In 2017, 64.1 pounds of chicken per person on a boneless, edible basis were available for Americans to eat, compared to 54.3 pounds of beef, according to the U.S. Department of Agriculture’s August 28, 2019 Food Availability and Consumption report. “Chicken began its upward climb in the 1940s, overtaking pork in 1996 as the second most consumed meat. Since 1970, U.S. chicken availability per person has more than doubled. In 2017, 16.1 pounds of fish and shellfish per person were available for consumption.”

Smart Marketing

Rotisserie chicken is an established grab-and-go superstar because it can be the center of a meal that is easy, nutritious and economical but there may also be room to develop the snack market.

Chicken appetizer sales increased a vigorous 16% in the year ending March 24, 2019, according to IDDBA’s What’s in Store 2020, while deli dollar sales of sliced chicken declined slightly in the three years ending last June, and sales of chicken prepared entrées increased nearly 4%. 

“Mealtime or snack time, deli consumers demand convenience with their purchase,” says Casey. “They don’t have the time to wait for someone behind the counter to serve up and package their choices; they want to find it in a grab-and-go type scenario. Retailers that set up small self-serve counters that offer a variety of fresh, high-quality prepared snacks will win this consumer loyalty.”

To minimize shrink and expand offerings, it is worth considering a system of using some of the rotisserie chicken in salads, sandwiches or other dishes. 

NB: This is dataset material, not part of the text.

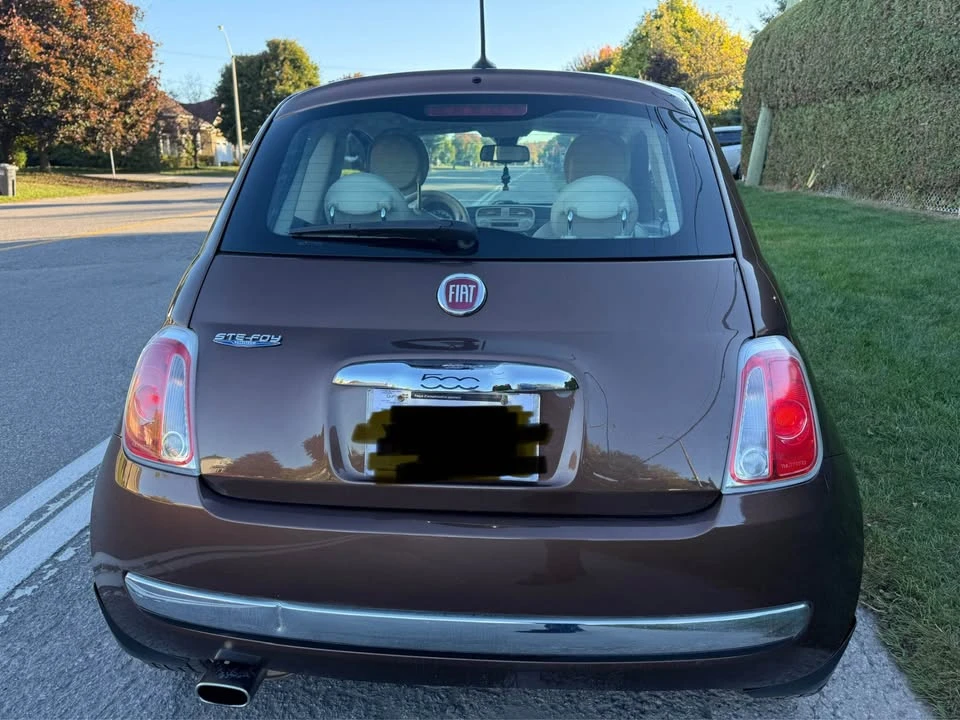 2013 Fiat 500 - Image 7 of 12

“Rotisserie chicken salad in many supermarket delis outsells the traditional or home-style version,” says Super. “Supermarket delis should consider expanding the rotisserie roster to other products like sandwiches, pot pies, roll-ups and more.”

Another way for retailers to get a leg, or breast or thigh, up is to reliably offer rotisserie chicken over a long period of time. 

“Consumers appreciate the value, convenience and taste that rotisserie chickens consistently deliver,” says Super. “Many supermarkets add to this appeal by guaranteeing a hot, delicious chicken will be available until, say, 8 p.m. This ‘you can count on us’ approach greatly helps the busy evening meal planners, especially when running late for preparing dinner.”

The core appeal for rotisserie chicken remains in its role as a convenient option for the center of the plate.  

“Consumers are seeking step-saving solutions at mealtime, whether it is completely cooked dinner-time solutions or freshly prepacked and ready to cook,” says Casey. “Not only do they want their shopping and cooking time to be quick and easy, they are accustomed to having their foods fresh and healthy. The rise in consumer expectations of their in-store deli has heightened with all of the meal kit home delivery options that are now available.”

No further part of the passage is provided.